Children picking bilberries in the forest

Photo: Katri Lehtola


With more than 70% of its area covered by trees, Finland is Europe’s most forested country. This has always formed the basis of the Finnish way of life. Finland’s rise to prosperity is based on expertise in using renewable natural resources sustainably. Every Finn truly has an individual connection to forests; more than 80% of Finnish people say the forest is important to them.

Finns feel safe in the forest. They go there to relax and to feel a connection with nature. A desire to preserve nature also figures strongly in Finnish people’s relationship to the forest. They associate the woods with serenity, energy, joy, security, closeness and togetherness.

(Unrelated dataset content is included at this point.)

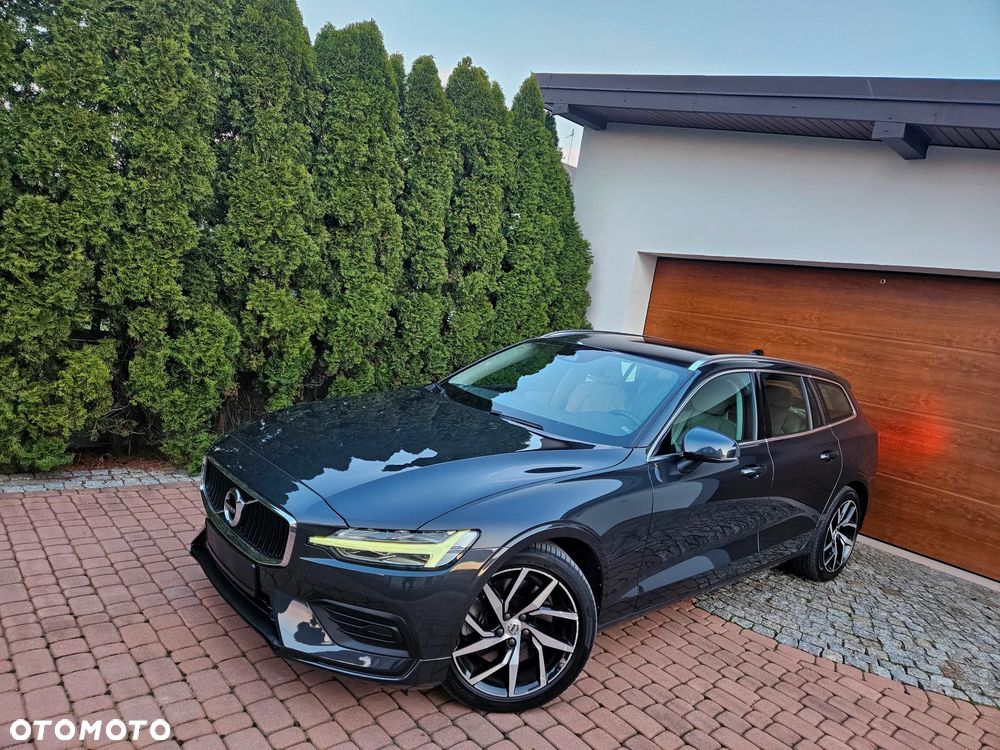 Volvo V60 T5 Geartronic Momentum Pro - 1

Forests belong to everyone. The Finnish concept of Everyman’s Right means that anybody may hike, camp, and gather mushrooms and berries in any forest, regardless of who owns it. Two-thirds of Finnish forests are owned by ordinary families. This means one in five Finnish citizens owns forest land, accounting for over 80% of the wood used by the forest industry.

Finland is a world leader in sustainable forest management. Commercial forestry must take into account forest biodiversity and carbon sinks. There’s a policy of planting three seedlings for every tree harvested, and logging never exceeds forest growth. Around 12% (2.7 million hectares) of Finnish forest is protected. The voluntary METSO forest biodiversity program compensates private forest owners for conservation measures.

Finns love and value forests, but also benefit from them – sustainably.